Parce que chaque endroit désaffecté a un toit avec vue sur les étoiles.
Est-ce que tu connais nos tristes pouvoirs
Et toutes ces fleurs qu’on trouve
Dans le noir dans le fond,
Est-ce que tu connais les portes du soir,
Qui font pleurer l’intérieur des filles ?
Les portes du soir, extrait de l’album Alice et June, Indochine
1
Les Portes du Soir
C’est Grand-mère qui m’a ouvert la porte des Fées. À travers les histoires qu’elle me racontait, elle a guidé mes pas vers un autre monde, plus magique. Où tout est possible. Et souvent, quand la réalité est trop dure à supporter, je m’engouffre par la porte, et sur des tapis de feuilles moelleuses, je m’abandonne, et laisse libre court à mon imagination. C’est le plus beau cadeau qu’elle m’ait offert : l’imaginaire. La faculté d’espérer, et en un clin d’œil disparaître, me trouver hors du temps.
Mon nom est Théa, et mon histoire est, comme ma Grand-mère, unique en son genre.
Malgré tout ce qu’elle m’a apporté, cela ne l’a pas empêché de basculer de l’autre côté pour de bon. La folie a pris possession de son être et l’a consumé. À la fin, elle ne percevait même plus son reflet dans le miroir, je crois qu’on appelle ça des hallucinations négatives. À sa mort, j’ai rouvert la porte des Fées, pour trouver l’apaisement. J’aime la solitude, mais la mort de ma Grand-mère me laissait comme démunie. J’ai suivi ses traces et agrandi le Royaume des Fées et des Contes. Je l’ai modelé à mon image, j’ai rajouté des arbres, des grottes et des étangs. Puis est arrivé ce moment où j’ai fermé la porte pour de bon, ne laissant qu’une trappe dans un coin de ma tête. L’Amour a pris le dessus sur le monde chimérique et m’a propulsé dans un autre univers à sa manière.
J’ai aimé tomber amoureuse. Être aimée, moi qui ne m’en juge pas digne. La vie avait pris une couleur différente, s’était multipliée en diverses possibilités. Seulement, au bout de quelque temps, le Prince s’est lassé. Je faisais souvent ce rêve, vous savez, celui d’errer sans fin dans une gare. Mais celle-ci n’était pas une gare ordinaire. En effet, on y trouvait des gradins en béton, et une grande roue au milieu. Dans mon rêve, mon Prince me tirait par le bras en me criant : « viens, faisons un tour de roue ! ». Mais j’étais pétrifiée par ma peur du vide, et puis honnêtement, tourner en rond comme ça bêtement n’était pas mon genre. Tout ce que je voulais, c’était arrêter de cheminer sur ce stupide quai et sauter dans un train. Seulement, il n’y en a jamais eu. Sauf le jour où il a disparu. Il a dû comprendre qui j’étais vraiment, voir le véritable moi, torturé à souhait sous mon sourire et sauté dans le premier wagon, me laissant sur le quai, à errer toujours, à errer éternellement.

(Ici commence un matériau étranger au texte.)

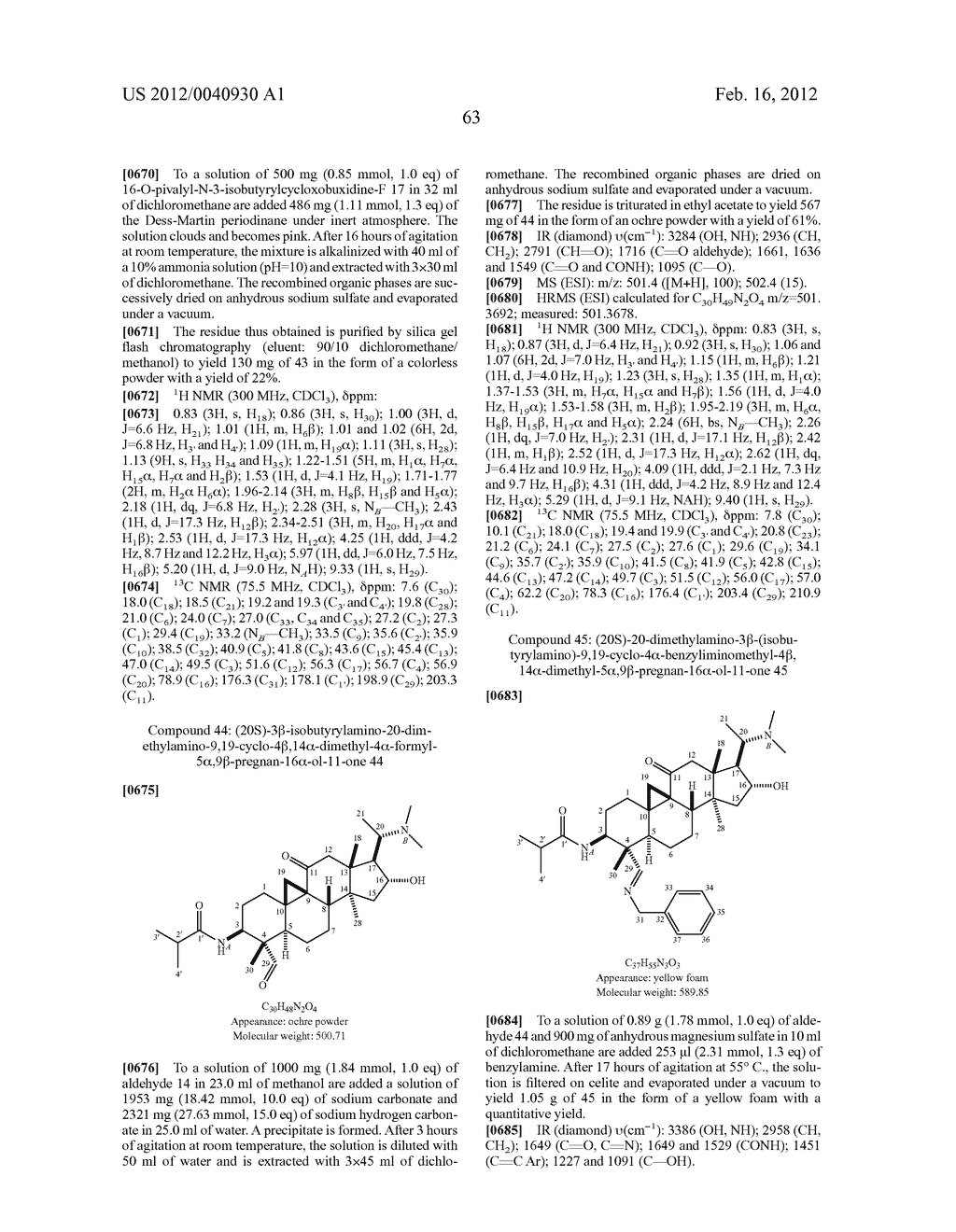 TETRACYCLIC TERPENE SERIES COMPOUNDS, METHODS FOR PREPARING SAME, USES     THEREOF AS MEDICINES AND PHARMACEUTICAL COMPOUNDS CONTAINING SAME - diagram, schematic, and image 64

C’était abrupt comme rupture. Moi qui commençais à envisager un avenir avec lui, à lui faire confiance. Je ne peux lui en vouloir d’avoir pris la fuite. Je ne peux que le remercier de m’avoir accordé de son temps et d’avoir essayé de m’aimer.
Il y eut d’autres rêves. Je longeais les murs d’une rue pavée. Je croisais des passants qui n’avaient pas de visage, se moquant éperdument de ma personne transie de froid, et de mes pieds nus. C’était une rue sans fin, silencieuse, et j’y voyais mon avenir, à l’image de mon rêve. Il arrivait parfois que mon Prince apparaisse, appuyé contre un porche. Je courrais de toutes mes forces pour le rattraper, mais ma main tendue ne frôlait que le vide, il s’était évaporé.

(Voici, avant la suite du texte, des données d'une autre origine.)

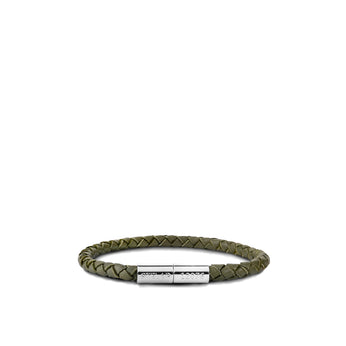 Teman Slim Woven Leather Bracelet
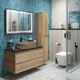 Тумба со столешницей и накладной раковиной Belbagno Kraft KRAFT100RNN-KEPMNO-1302-H316-SET 100 см светлое дерево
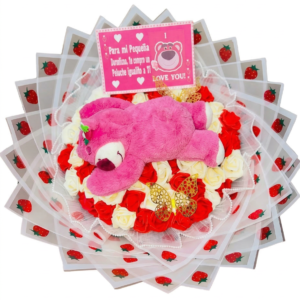bouquet "dulce amanecer" – edición especial lotso & fresa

Le chagrin m’a submergé. Comme une vague de douleur. Chaque gorgée d’eau salée plus amère que la précédente. Tout le monde le sait : après une rupture, les heures, les minutes et les secondes disparaissent. Le temps s’arrête, faisant fi de nos fissures. Nos pensées sont aussi noires qu’une nuit sans lune, une nuit où les aiguilles se sont arrêtées à trois heures du matin pour n’en plus jamais bouger. Un jour, je reverrai le soleil, et il réchauffera ma peau, je me le suis promis. Mais en attendant, j’ai perdu les couleurs et ne vis qu’en blanc. Trop lumineux, il blesse mes yeux, mais je ne suis pas prête à les ouvrir encore. J’ai regardé le soleil de trop près, et je m’y suis brûlée vive.
Alors un soir, pour échapper à cette douleur infernale, j’ai décidé de faire apparaître la trappe et de disparaître.
J’étais allongée dans mon lit aux barreaux de fer, les bras sous la tête, et après une légère hésitation, j’ai serré ma tunique blanche devenue rêche par d’innombrables lavages avec une forte odeur de javel contre moi, et j’ai posé mes pieds nus sur le carrelage. J’ai frissonné à cause du sol gelé, et en sautillant j’ai rejoint le coin de cette chambre immaculée et trop blanche, pour ouvrir la trappe et me laisser glisser.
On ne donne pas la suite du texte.